#### Work instructions
Drop the pictures and repeat exactly from the "There Is No" line down to the last line of the entries below.

#### Web page caption snippets
⁂
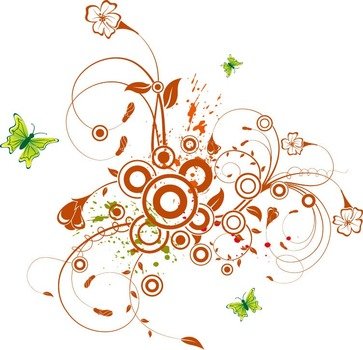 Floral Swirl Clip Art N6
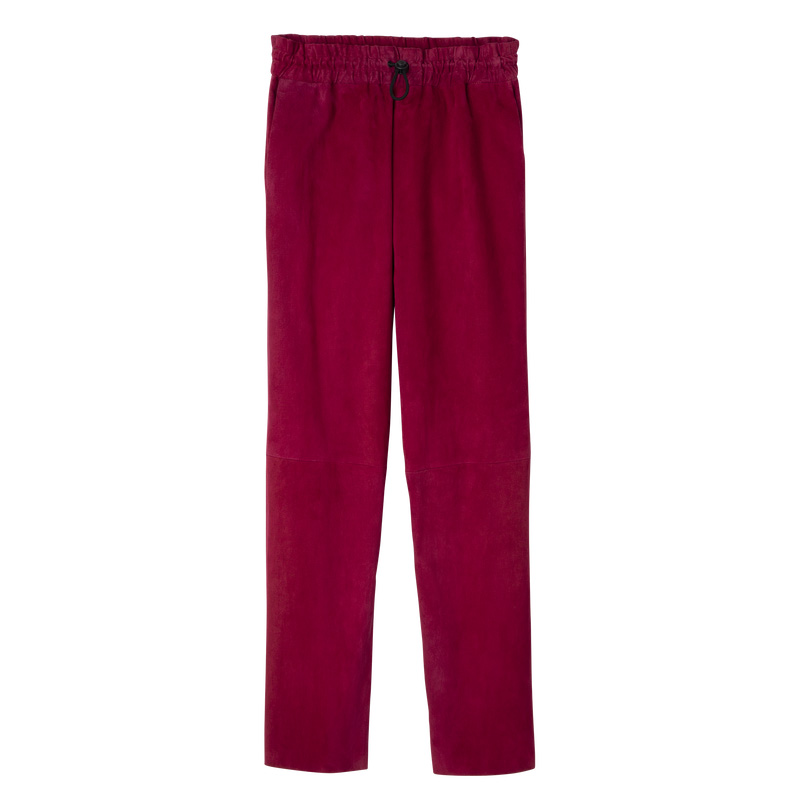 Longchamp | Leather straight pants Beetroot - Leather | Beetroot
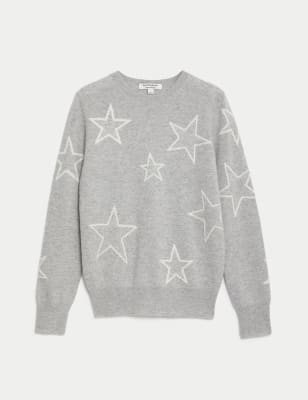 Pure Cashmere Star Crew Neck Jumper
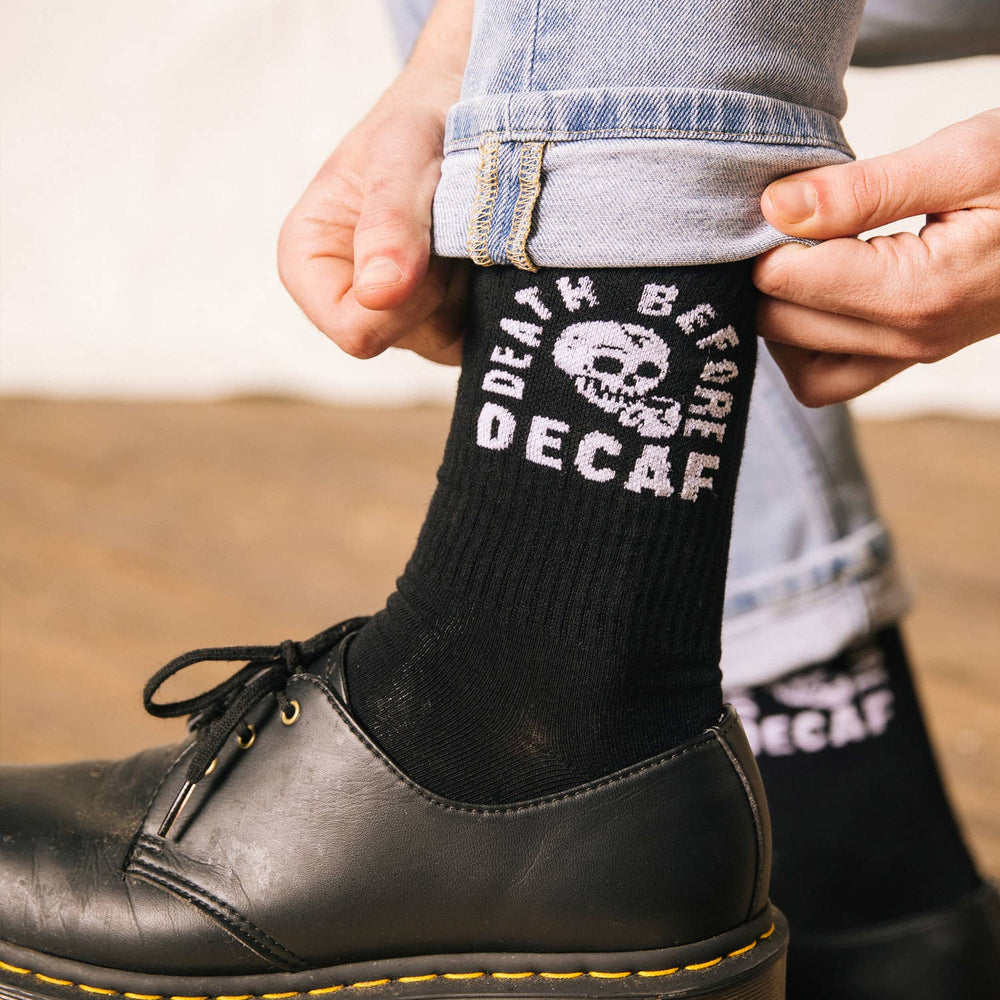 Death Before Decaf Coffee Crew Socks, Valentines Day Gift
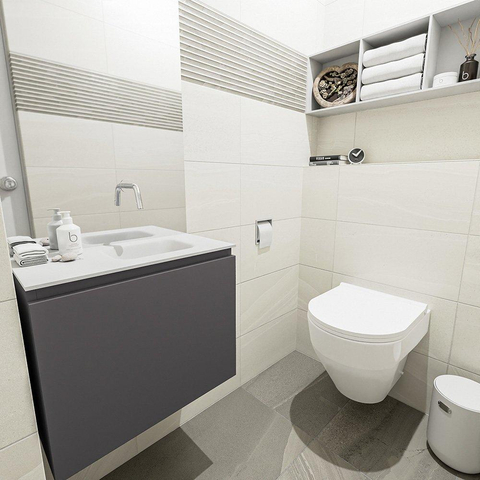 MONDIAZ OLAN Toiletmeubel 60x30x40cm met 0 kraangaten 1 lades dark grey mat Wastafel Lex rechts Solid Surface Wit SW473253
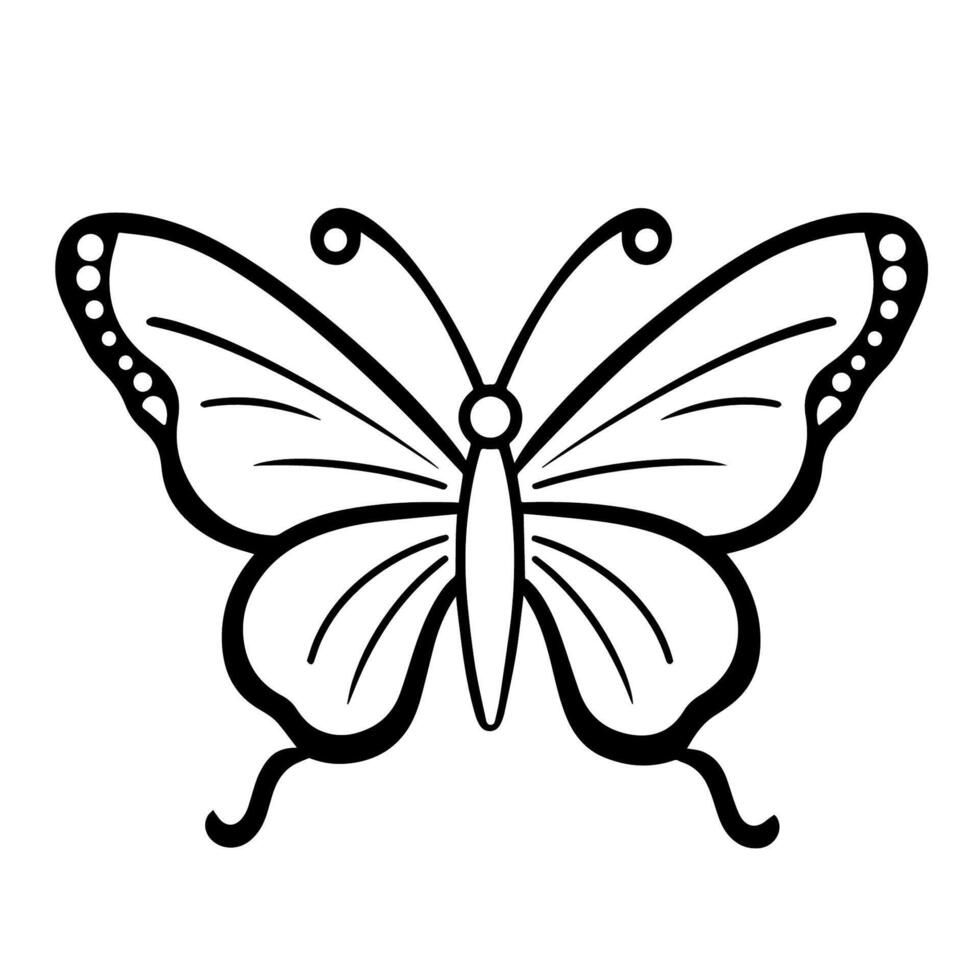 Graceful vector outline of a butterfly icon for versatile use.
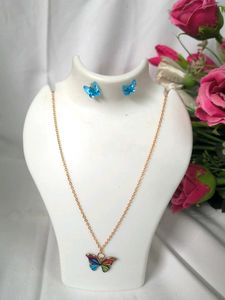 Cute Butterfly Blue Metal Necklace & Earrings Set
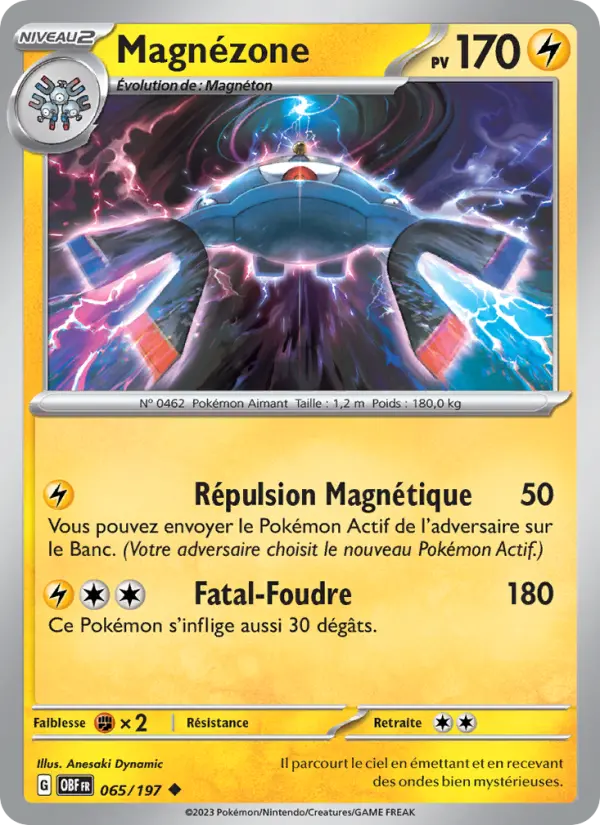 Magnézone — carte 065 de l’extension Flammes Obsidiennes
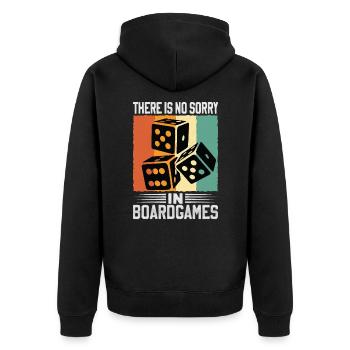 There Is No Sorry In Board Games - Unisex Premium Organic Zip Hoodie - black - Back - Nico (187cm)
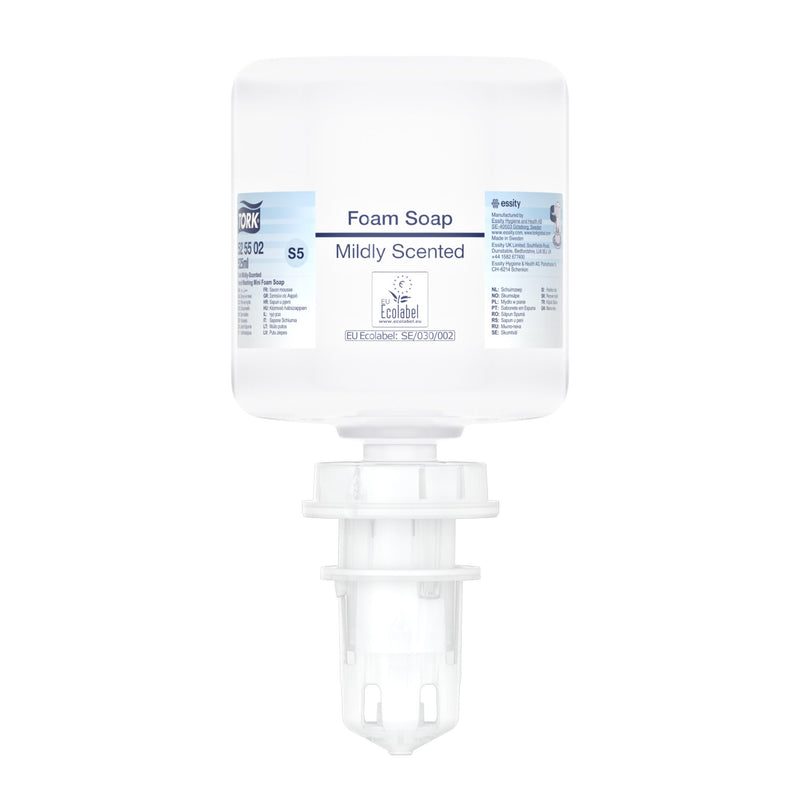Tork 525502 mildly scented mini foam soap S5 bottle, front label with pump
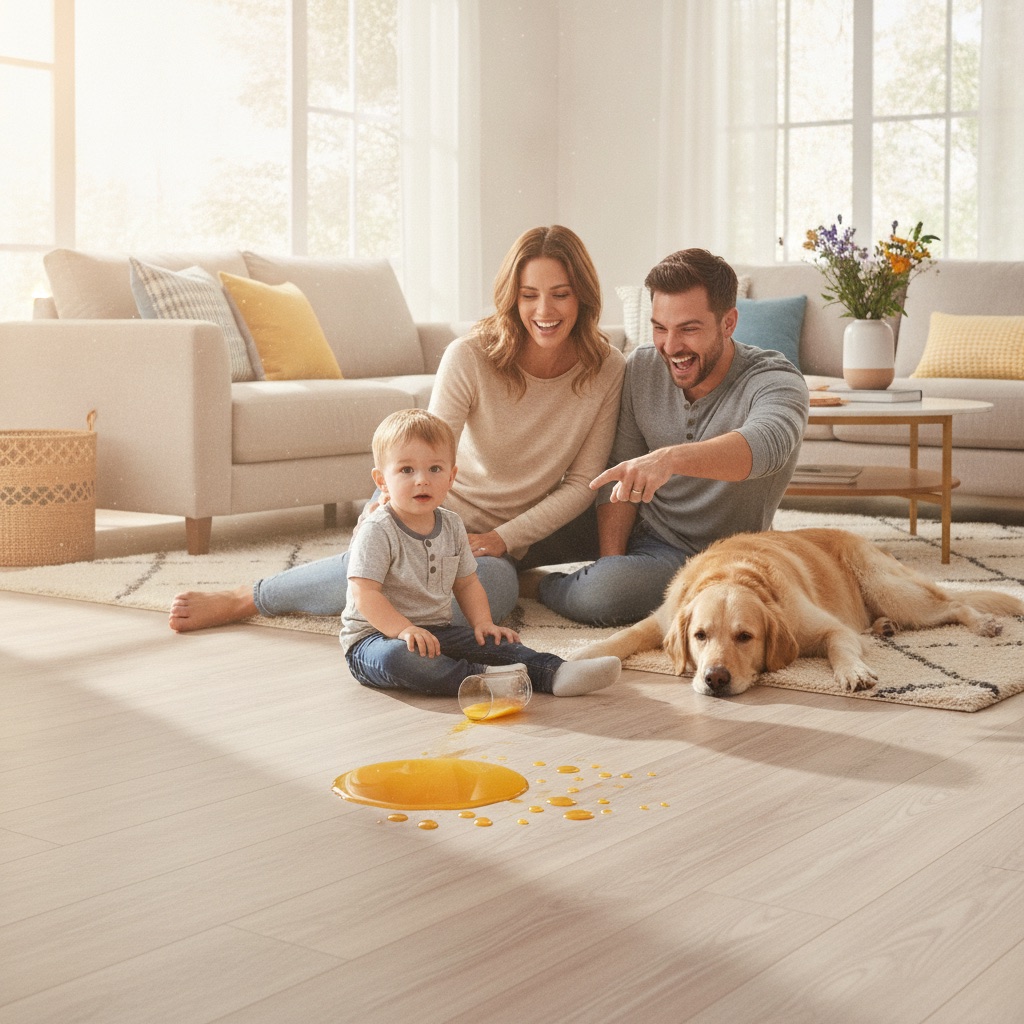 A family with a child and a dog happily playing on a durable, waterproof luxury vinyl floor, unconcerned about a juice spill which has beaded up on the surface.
⁂
#### Task response
 There Is No Sorry In Board Games - Unisex Premium Organic Zip Hoodie - black - Back - Nico (187cm)
Tork 525502 mildly scented mini foam soap S5 bottle, front label with pump
 A family with a child and a dog happily playing on a durable, waterproof luxury vinyl floor, unconcerned about a juice spill which has beaded up on the surface.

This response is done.